Timing affects attitudes
Minnesota's most cherished season got off to a less-than-ideal start. But is it one for the records? Not necessarily. Statistically, conditions in the Twin Cities haven't been quite as un-Junelike as they seem, said Greg Spoden, a climatologist with the DNR.
We had a couple of record days on opposite ends of the temperature spectrum -- 103 was a record high for June 7, and on June 23, 63 degrees tied the coolest high temperature on record for that day. But total rainfall for the month was only about an inch above the 4-inch norm, nowhere near the soggy 1990 record of 9.82 inches. Despite our feeling that it rained a lot on weekends, only three Saturdays or Sundays in the month had measurable precipitation, Spoden said.
So why did it feel like we were holed up inside watching thundershowers all month? Blame it on Friday.
"It rained three of the four Fridays, setting the tone for the weekends," he said. "Minnesotans like to save their sunny days for the weekends, and when it rains then, it really affects their moods. Our perceptions don't always match the data."
Just as winter darkness triggers sadness, gloomy summer days can also make us blue, said Dr. Charles Schultz, head of psychiatry at the University of Minnesota Medical School and an expert in seasonal-affective disorder. "Boy, it was dark and cloudy and rainy," he said.
"It felt almost like fall, and that has an effect on your brain's levels of melatonin and serotonin, and you feel a lack of energy."

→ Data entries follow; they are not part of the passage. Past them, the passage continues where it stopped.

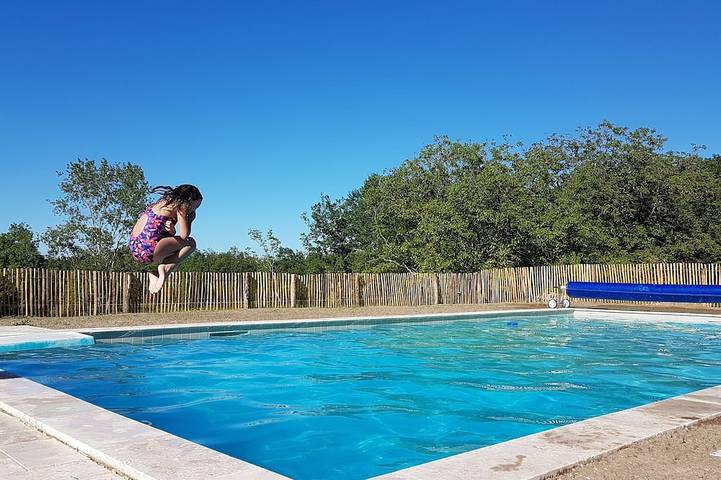 Location de vacances pour 6 personnes, avec terrasse et jardin à Saint-Aulaye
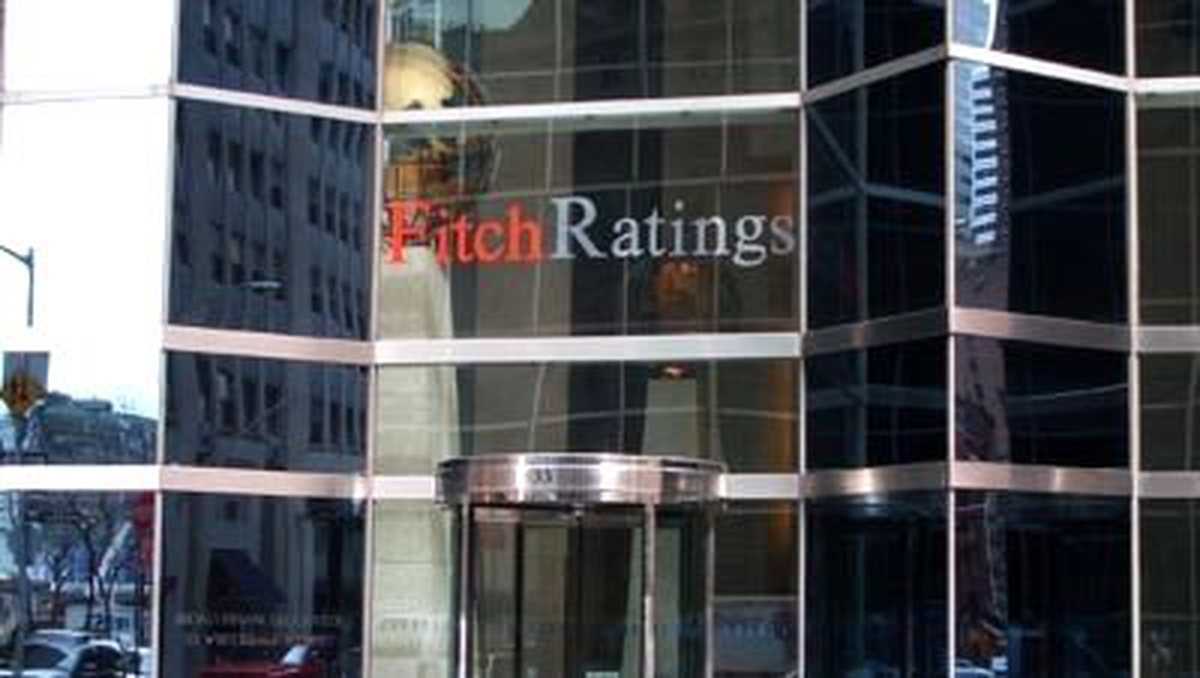 Fitch'ten 21 Bankaya Negatif Şok!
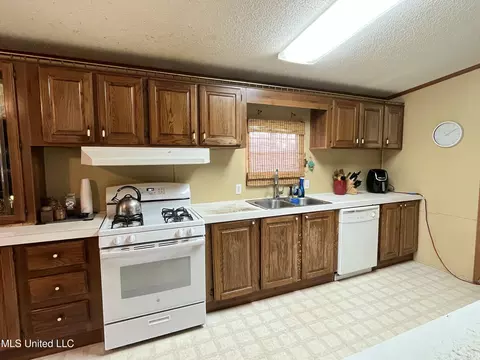 Kitchen - 1281 Sanctuary Dr, Brandon, MS 39042 photo 1 of 3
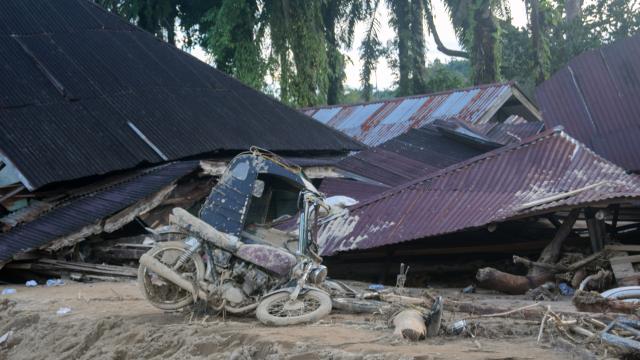 İndoneziyada sel və torpaq sürüşmələri nəticəsində ölənlərin sayı 604-ə çatıb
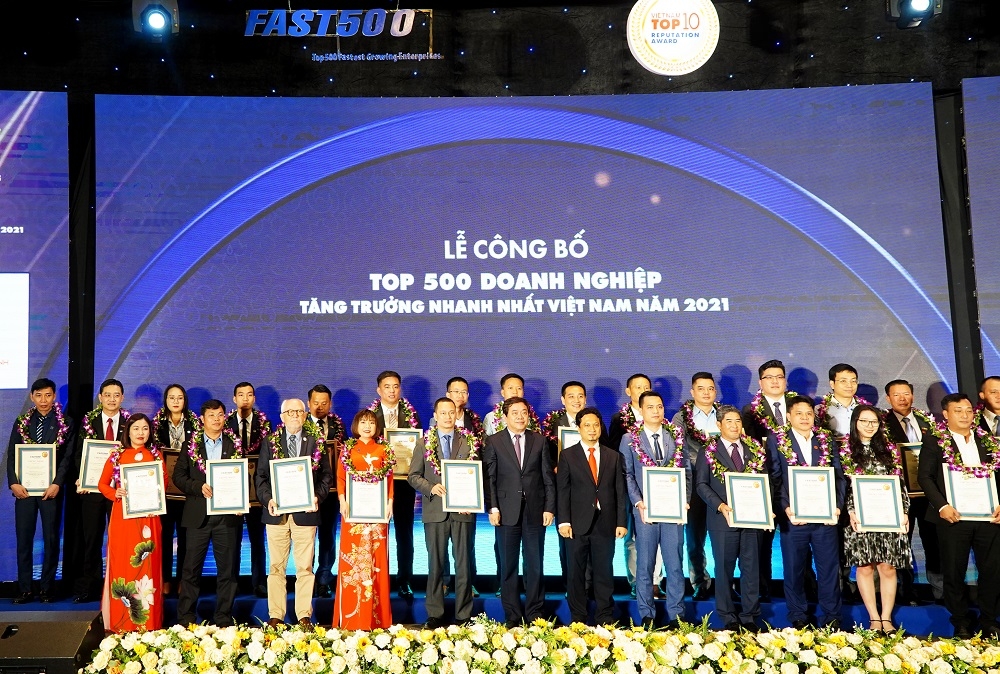 TNS Holdings lọt Top 100 Doanh nghiệp tăng trưởng nhanh nhất Việt Nam năm 2021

For most of us, the feeling is merely psychological, he said: "After one of the snowiest winters ever, we were waiting to get outside, and then were very let-down and frustrated."
Summer? Try sum-brrr
A shivery June led to soft sales of soft-serve and other summertime treats.
At Target Field, beer sales were flat, hot chocolate and coffee up. Those chilly days also lured fewer people to stand in line for ice cream cones and Blizzards, said Michael Keller, chief marketing officer for Dairy Queen International.
"No doubt, sun and heat help sell ice cream," he said. "Our franchisees track hot days and cool days, and everybody is aware that we've had more cool and rainy days these last few months than many of us as Minnesotans can remember."
Still, Keller, a cold-braving triathlete who led an "ice-out plunge" swimming group at Lake Calhoun this year, is looking ahead with optimism to what remains of summer.
"You know, there are five weekends in July."